_Directions_
What you return must be the lines from the first one below through the one containing "Remarkable 2, Marker", exactly and with pictures excluded.

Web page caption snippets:
:::
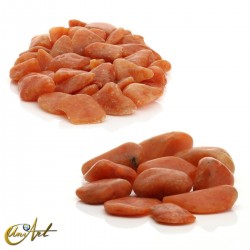 Cantos rodados de calcita naranja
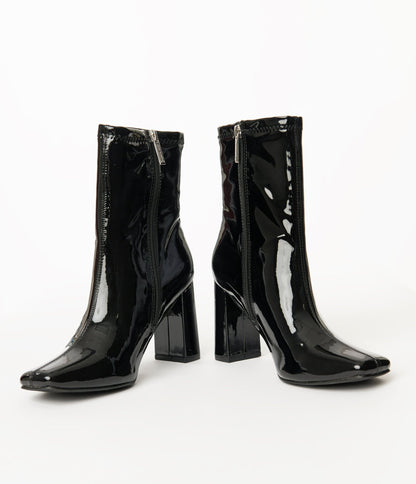 Black Patent Leatherette Square Toe Belinda Booties - Unique Vintage - Womens, SHOES, BOOTS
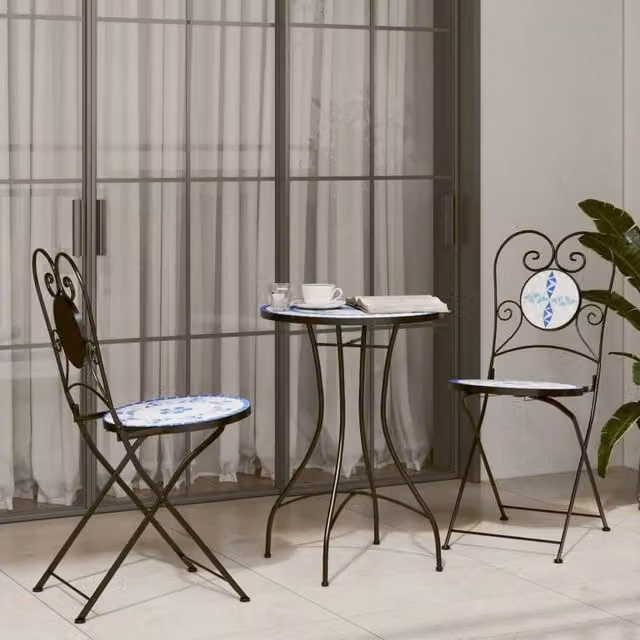 Berkfield Home Mosaic Bistro Table in Blue and White Ceramic with Powder Coated Steel, W: 50 cm, D: 70 cm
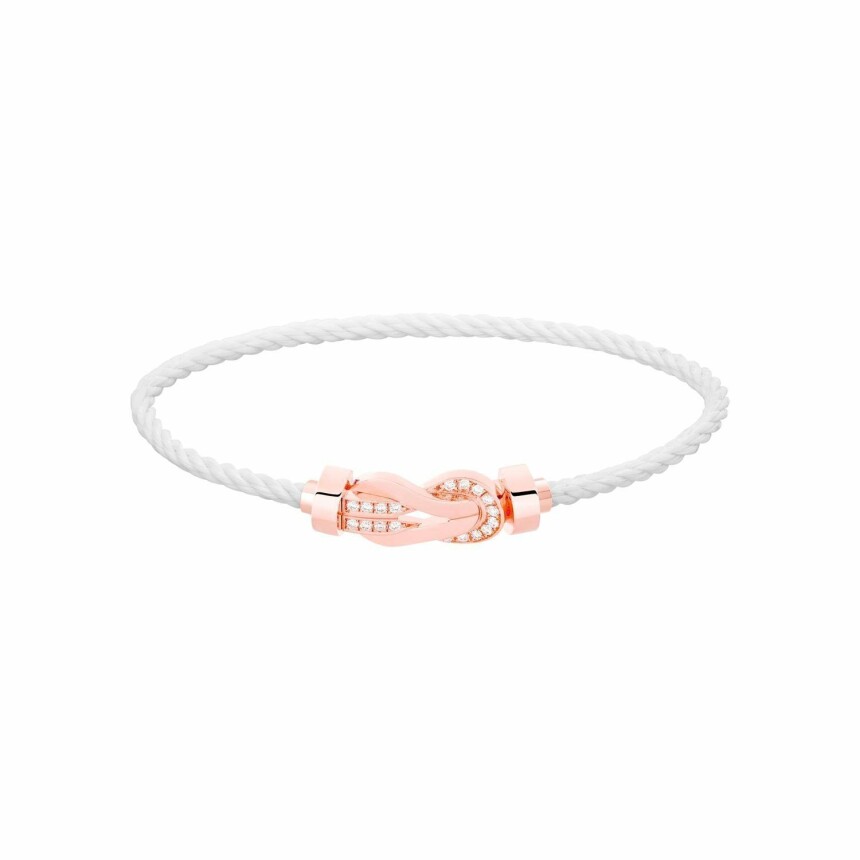 Bracelet FRED Chance Infinie Moyen Modèle en or rose et diamants, câble en corderie blanc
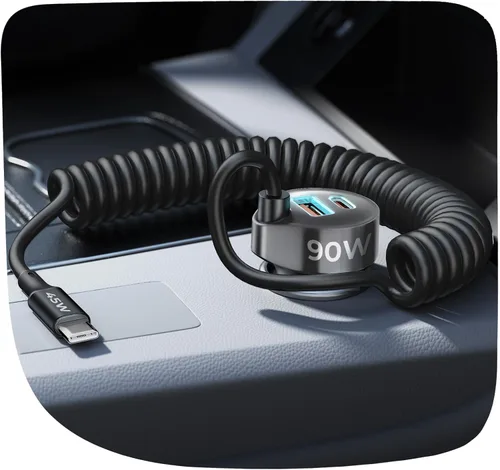 LISEN - Cargador de coche con cable en espiral USB-C integrado de 36 pulgadas de 45 W, adaptador de encendedor de cigarrillos de carga rápida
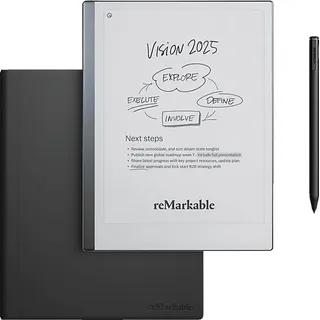 Remarkable 2, Marker Plus und Book Folio Schutzhülle schwarzes Leder Grafiktablet, Schwarz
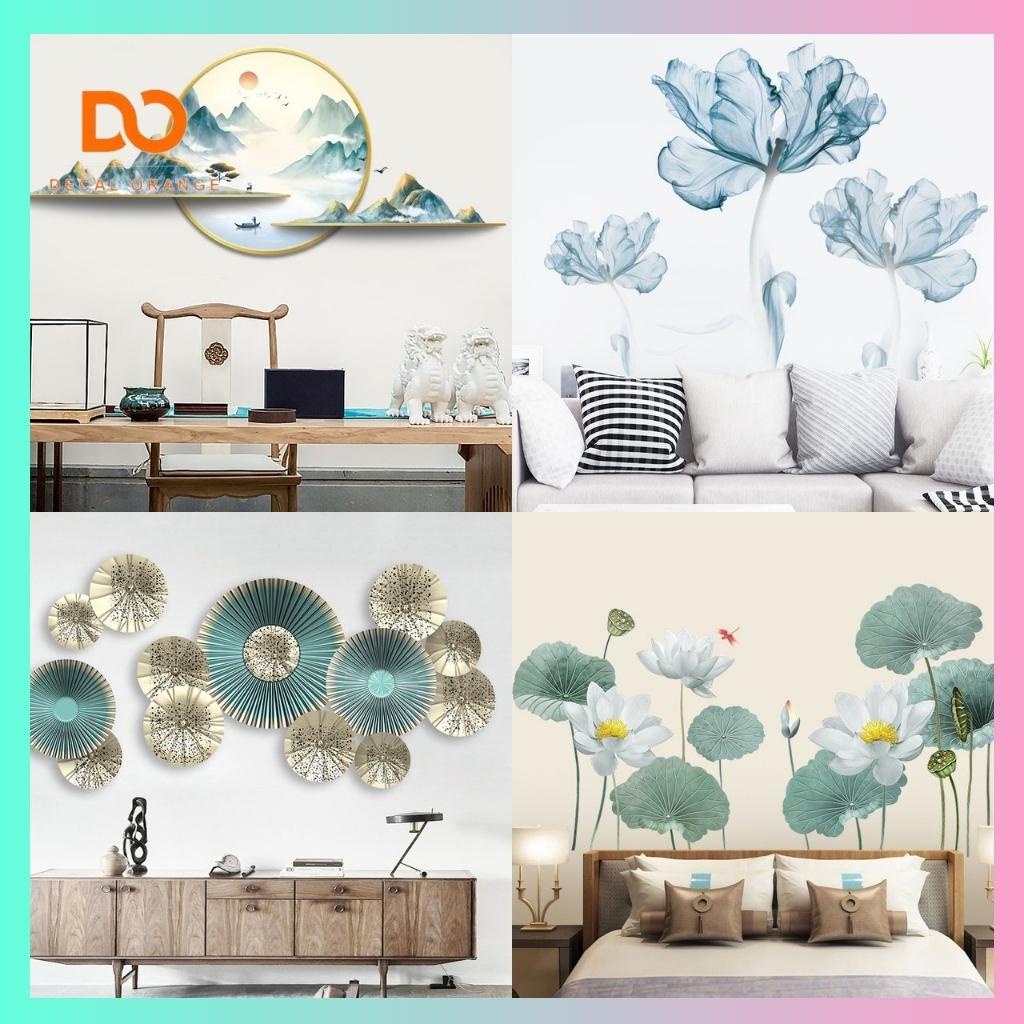 Decal dán tường, Giấy dán tường trang trí phòng ngủ, phòng khách cao cấp cây xanh hoa lá sơn thủy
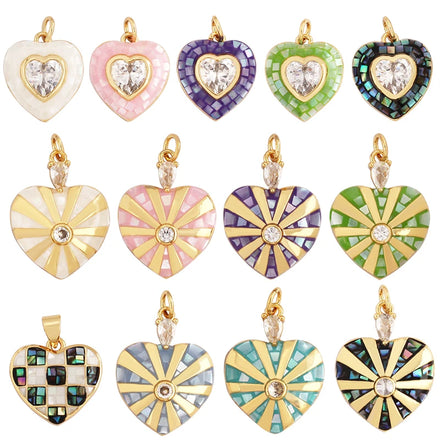 Trendy Colorful Love Heart Inlaid Shell Chips Charm PendantCute 18K Gold Jewelry Necklace Accessories DIY Making Supplies M15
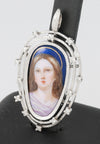 Colgante antiguo oro blanco 18k, brillantes y porcelana esmaltada
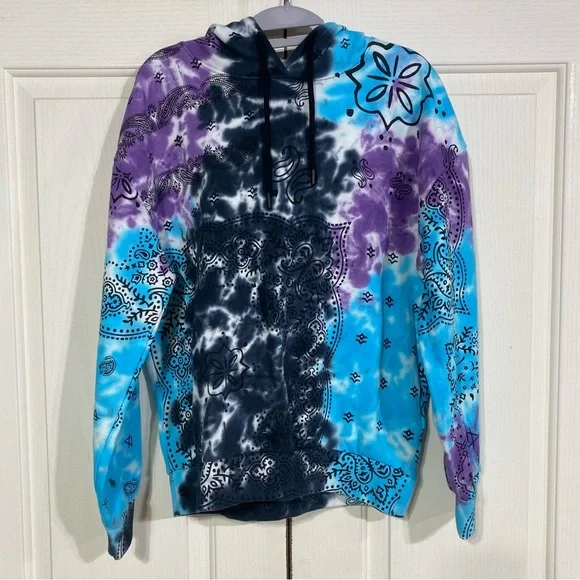 Elevenparis Pullover Hoodie M Multicolor Tie Dye Blue 100% Cotton NWT - Picture 1 of 10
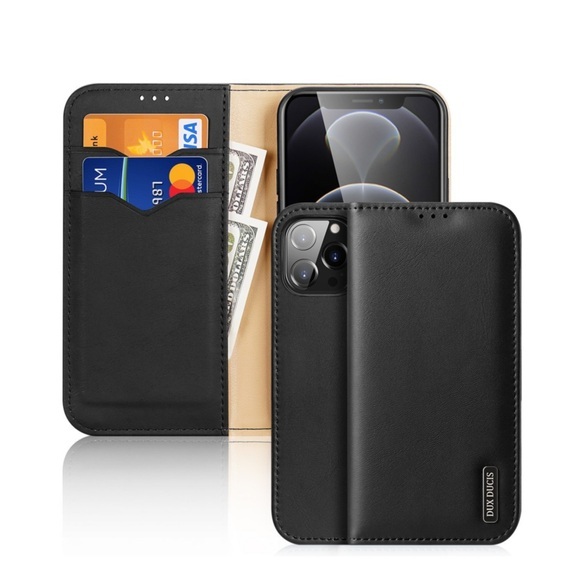 Dux Ducis - iPhone 13 Pro Max Flip Wallet Cover Echtleder Tasche (RFID Schutz) - Schwarz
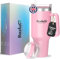 Razlug Large Tumbler with Straw and Lid (40oz) - Insulated Cup for Adults - Travel Tumbler Cup with Straw - Keeps Water/Drinks Hot & Cold for 24 Hours- (Sleek Pink) -Classic Design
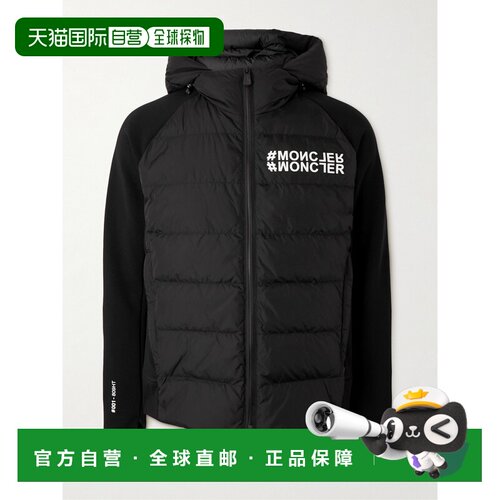 香港直邮moncler 盟可睐 男士 Shell and Down 徽标印花绗缝针织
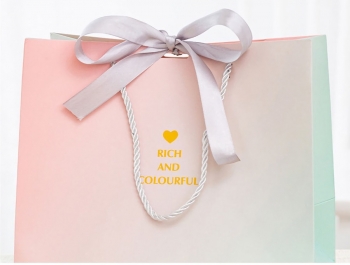 Fifty pcs new gradient art post paperboard letter printing gold bowknot decor wedding gift bag (size:36cm×25m×12cm)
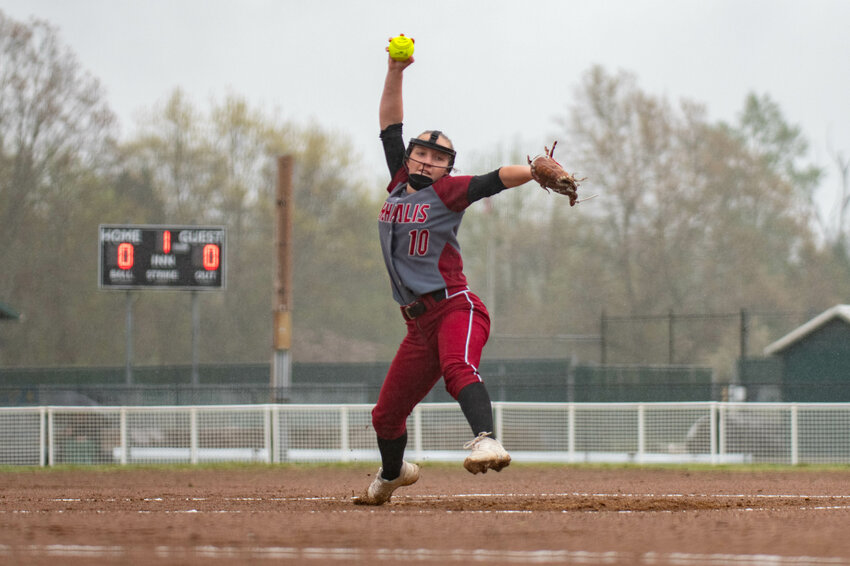 Taylor Tobin throws a pitch during a game between Centralia and W.F. West at Fort Borst Park on Wednesday, April 24.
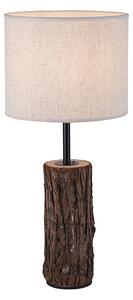 Wiejska lampa stołowa z drewna z białym kloszem - Oriana Oswietlenie wewnetrzne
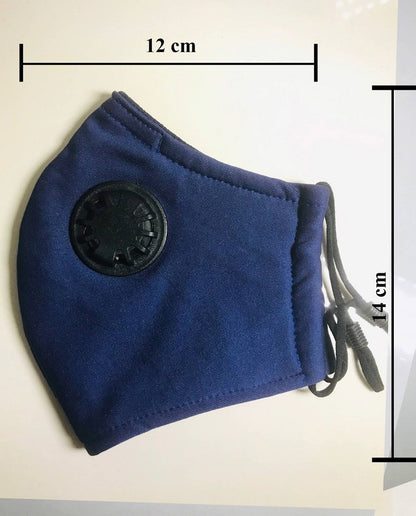 Reusable Cotton Cloth Face Mask w 2 PM2.5 Filters Adjustable w Breathing Valve 3Ply Blue V637-COTMNB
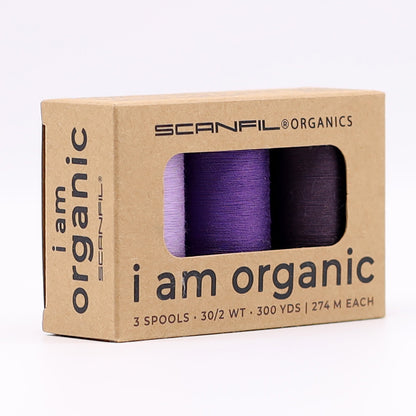 SCANFIL® 30wt Organic Pima Cotton Thread Trio Set - 3ct 300yd Spools - Cool Purples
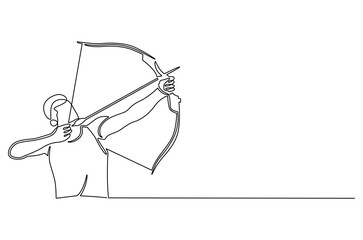 Continuous one line drawing of Man with bow and arrow. Single line drawing illustration of Young archer with arrow. Archery outdoors concept vector art. Doodle line illustration.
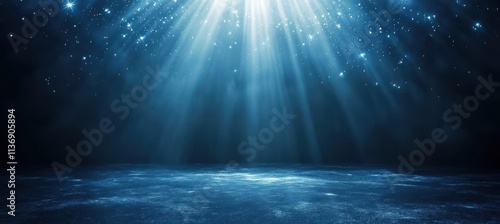 Wallpaper Mural Shining Stars and Light Rays on a Dark Stage Torontodigital.ca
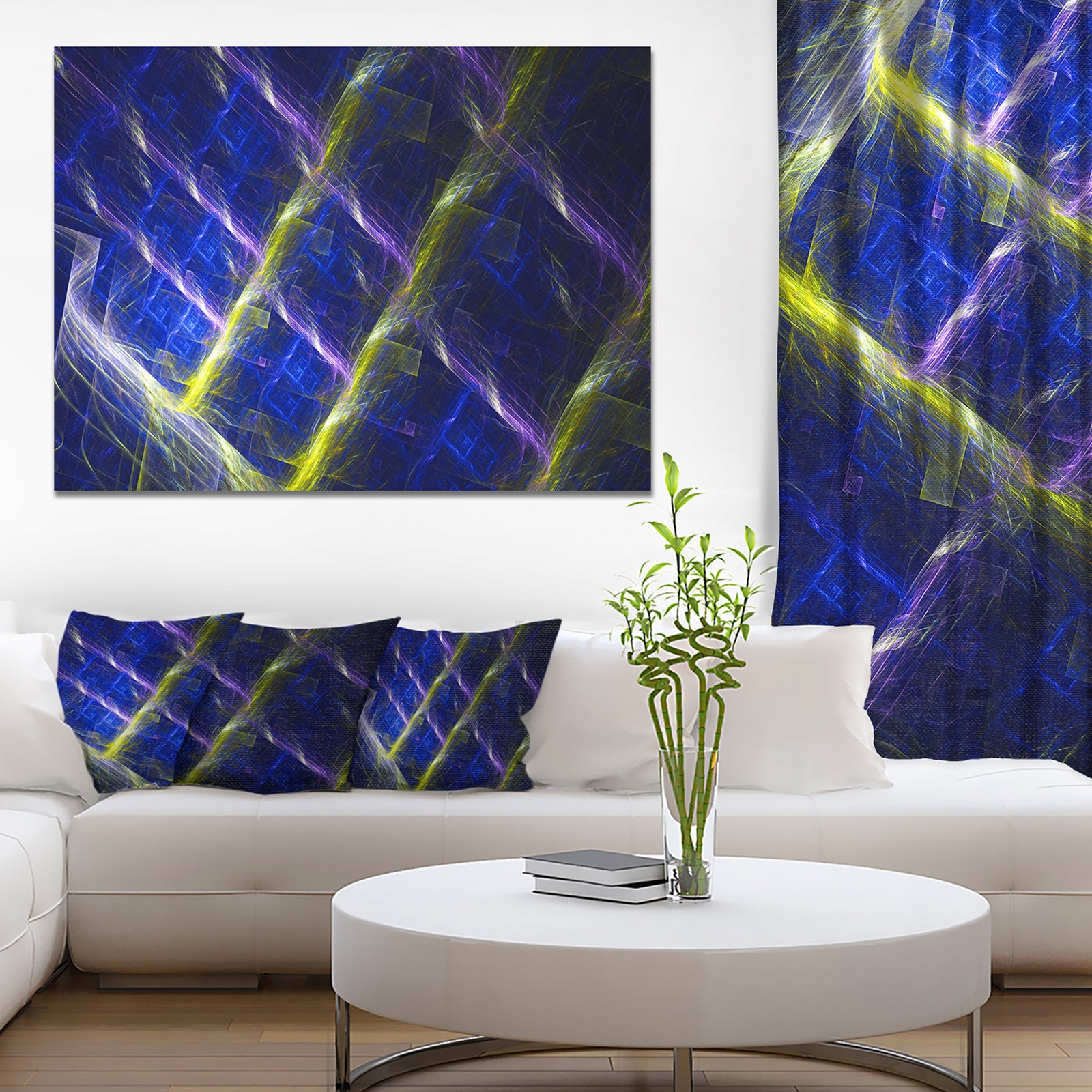 Dark Blue Fractal Grill - Extra Large Abstract Art on Canvas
:::
_Output for this task_
 Cantos rodados de calcita naranja
 Black Patent Leatherette Square Toe Belinda Booties - Unique Vintage - Womens, SHOES, BOOTS
 Berkfield Home Mosaic Bistro Table in Blue and White Ceramic with Powder Coated Steel, W: 50 cm, D: 70 cm
 Bracelet FRED Chance Infinie Moyen Modèle en or rose et diamants, câble en corderie blanc
 LISEN - Cargador de coche con cable en espiral USB-C integrado de 36 pulgadas de 45 W, adaptador de encendedor de cigarrillos de carga rápida
 Remarkable 2, Marker Plus und Book Folio Schutzhülle schwarzes Leder Grafiktablet, Schwarz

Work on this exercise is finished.